International Conference of War Veteran Ministers
Secrecy, Torture, and the Military Commissions Act of 2006
A Peace and Justice Statement
October 18, 2006
The International Conference of War Veteran Ministers, meeting in Menlo Park, California, October 16 to October 20, 2006, and after prayerful reflection, adopted the following resolution concerning Secrecy, Torture and the Military Commissions Act of 2006.
As clergy and religious workers who have experienced personal pain in the trauma of war in defense of the freedoms we hold dear, we express our grave concern with the United States' Military Commissions Act of 2006 and call for Congress to rescind this legislation as soon as possible.
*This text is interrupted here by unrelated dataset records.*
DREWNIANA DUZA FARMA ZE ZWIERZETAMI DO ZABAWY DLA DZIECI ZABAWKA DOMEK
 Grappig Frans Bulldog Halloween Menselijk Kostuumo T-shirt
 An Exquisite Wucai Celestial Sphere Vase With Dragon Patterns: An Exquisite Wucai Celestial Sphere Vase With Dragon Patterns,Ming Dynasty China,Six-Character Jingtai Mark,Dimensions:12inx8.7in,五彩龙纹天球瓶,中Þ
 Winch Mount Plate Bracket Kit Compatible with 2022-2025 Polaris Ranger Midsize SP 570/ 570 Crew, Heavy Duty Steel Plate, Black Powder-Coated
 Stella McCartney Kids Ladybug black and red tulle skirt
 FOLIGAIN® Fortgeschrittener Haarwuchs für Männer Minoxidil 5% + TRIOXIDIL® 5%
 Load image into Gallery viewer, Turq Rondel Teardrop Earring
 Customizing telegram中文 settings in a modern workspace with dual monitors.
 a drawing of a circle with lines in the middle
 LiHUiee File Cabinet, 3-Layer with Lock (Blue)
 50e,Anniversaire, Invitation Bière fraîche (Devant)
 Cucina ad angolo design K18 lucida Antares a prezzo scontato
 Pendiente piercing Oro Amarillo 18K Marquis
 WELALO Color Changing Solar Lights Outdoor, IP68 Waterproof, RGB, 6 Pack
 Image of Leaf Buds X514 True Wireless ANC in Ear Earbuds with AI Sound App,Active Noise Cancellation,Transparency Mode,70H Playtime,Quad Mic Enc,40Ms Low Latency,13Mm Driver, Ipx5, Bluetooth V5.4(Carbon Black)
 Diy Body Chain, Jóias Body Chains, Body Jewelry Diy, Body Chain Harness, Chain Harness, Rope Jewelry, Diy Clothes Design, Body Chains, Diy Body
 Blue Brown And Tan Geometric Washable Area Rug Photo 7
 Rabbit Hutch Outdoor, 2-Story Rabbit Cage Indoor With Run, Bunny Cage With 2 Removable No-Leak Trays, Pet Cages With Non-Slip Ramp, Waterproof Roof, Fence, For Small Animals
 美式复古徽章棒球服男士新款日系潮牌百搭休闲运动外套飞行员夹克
Those of us who have served in the Armed Services of the United States have taken oaths to "defend the Constitution of the United States of America from all enemies, foreign and domestic."
Enshrined in that Constitution for which we have put our lives on the line are essential freedoms that are compromised by the Military Commissions Act of 2006:
- The Act subjects foreign citizens legally resident in the United States, as well as those living in their own countries, to summary arrest and indefinite detention with no hope of appeal.
- The Act gives the President the power to apply the label of "unlawful enemy combatant" to any non-citizen he wants.
- The Act in combination with the President's reservations to the Detainee Treatment Act of 2005 repudiates at least a half-century of international precedent by allowing the President increased latitude to decide what abusive interrogation methods he considers permissible and that his decision can stay secret.
- Foreign citizens, even those with permanent legal residence in the United States, who are detained in U.S. military prisons lose the basic right to challenge their imprisonment and can be held forever, with no access to a lawyer or to the courts.
- Under the provisions of the Act, American courts have no power to review any aspect of this new system, except verdicts by military tribunals. The act limits appeals and bars legal actions based on the Geneva Conventions.
- Under this Act, coerced evidence -- evidence obtained through torture -- is now permissible in Military Commission trials.
- Under the Act the definition of torture is unacceptably narrow; in particular, this Act in effect excludes identification of rape as a form of torture.
These provisions of the Military Commissions Act therefore incorporate the abusive procedures of secret arrests, secret imprisonment, secret courts and torture that we had believed ourselves to be fighting against in our service to our country. As war veteran ministers, we know with special acuteness the damage that can be caused by things done in secret, and the degree to which torture violates the basic dignity of the human person that most religions hold dear. Secrecy and torture degrade everyone involved -- policy-makers, perpetrators and victims. They contradict our nation's most cherished ideals.
We are appalled at the abandonment of our American freedoms by our country's Executive and Legislative branches. Therefore, we call upon the U. S. Congress to rescind this legislation, and to restore the Constitutional protections for which we have risked our lives in time of war.
Portions of this statement were adapted from a resolution of Rabbis for Human Rights - North America.